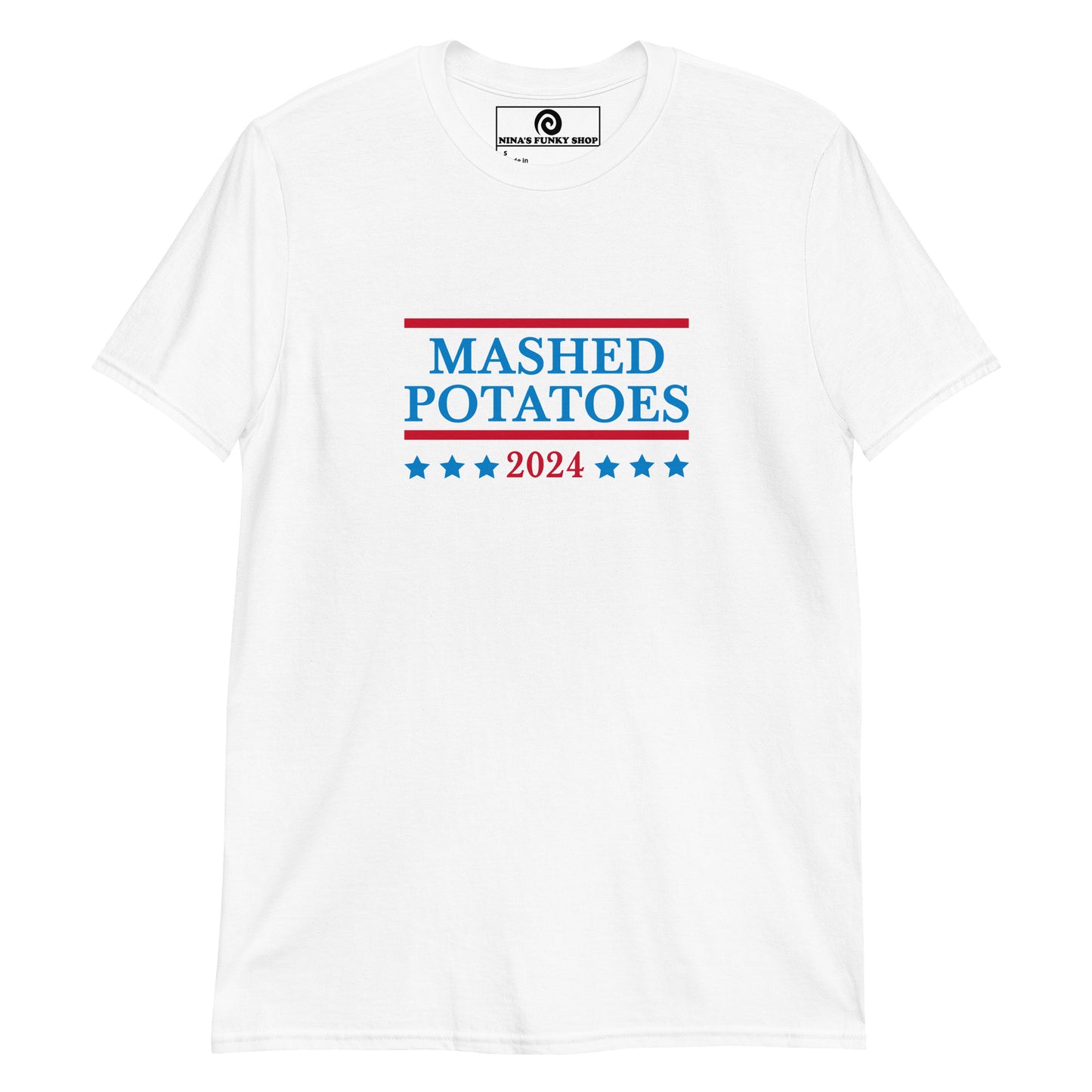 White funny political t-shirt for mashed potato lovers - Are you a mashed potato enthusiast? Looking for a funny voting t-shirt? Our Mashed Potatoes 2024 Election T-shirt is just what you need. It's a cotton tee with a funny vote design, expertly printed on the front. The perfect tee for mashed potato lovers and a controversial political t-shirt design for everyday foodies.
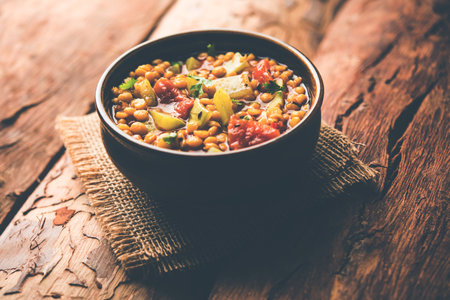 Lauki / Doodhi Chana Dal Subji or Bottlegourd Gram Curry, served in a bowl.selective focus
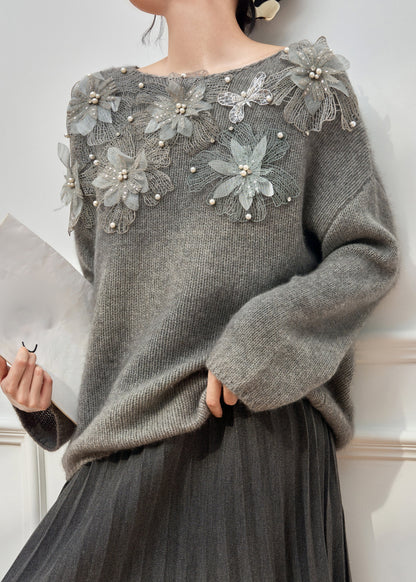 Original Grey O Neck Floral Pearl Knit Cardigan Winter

PROBLEM TO WORK ON →
Write the data above out again exactly, every line of it, and exclude the pictures.

RESPONSE TO THIS TASK →
 White funny political t-shirt for mashed potato lovers - Are you a mashed potato enthusiast? Looking for a funny voting t-shirt? Our Mashed Potatoes 2024 Election T-shirt is just what you need. It's a cotton tee with a funny vote design, expertly printed on the front. The perfect tee for mashed potato lovers and a controversial political t-shirt design for everyday foodies.
 Lauki / Doodhi Chana Dal Subji or Bottlegourd Gram Curry, served in a bowl.selective focus
 Original Grey O Neck Floral Pearl Knit Cardigan Winter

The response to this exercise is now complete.